Monday, January 27, 2020

NYC Apartment Building Sales Plunge After Rent Rules Dent Values

Bloomberg, 27-Jan-20
By Oshrat Carmiel


Sales of New York City apartment buildings tumbled to near-decade lows last year, after new rent rules scared investors away from properties with regulated units.




By every measure, it was a terrible 2019 for those in the business of owning and selling multifamily properties. The dollar value of purchases across all boroughs fell 40% from the prior year to $6.91 billion, the lowest total since 2011, according to a report by brokerage Ariel Property Advisors. There were 290 multifamily deals -- a 36% decline, and the first year with fewer than 300 transactions in records dating to 2010.


Apartments fell out of favor for investors last year as they digested New York’s new rent law, which governs about 1 million apartments in the city. The overhaul took direct aim at landlords’ income by making it almost impossible to raise rents, remove units from state regulation or even recoup the costs of capital improvements. In doing so, it upended a basic tenet of apartment investing: that spending on renovations could bring higher returns.


“The fact that there’s no correlation between the amount you put into a building and the amount of rent you can charge has completely shifted investment interest in rent-stabilized buildings,” Shimon Shkury, president of Ariel, said in an interview.
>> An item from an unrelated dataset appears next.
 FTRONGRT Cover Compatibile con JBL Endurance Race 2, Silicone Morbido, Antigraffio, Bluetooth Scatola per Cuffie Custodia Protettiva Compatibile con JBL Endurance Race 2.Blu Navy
In Manhattan, south of East 96th Street and West 110th, investors steered toward non-regulated units, and paid up for them. More than 60% of the units that changed hands last year were market rate, according to the report. Buyers paid an average of $758,217 per apartment, up 14% from 2018.


Investors who did acquire rent-regulated properties demanded lower prices. In Queens, where about 67% of the units sold were under rent regulation, prices fell 7.7% to $276,261 per apartment. And in the Bronx, the average sale price per unit was $171,855, down from $185,006 in 2018.


Buyers of properties subject to the new rules “expect to get a higher yield on day one,” Shkury said.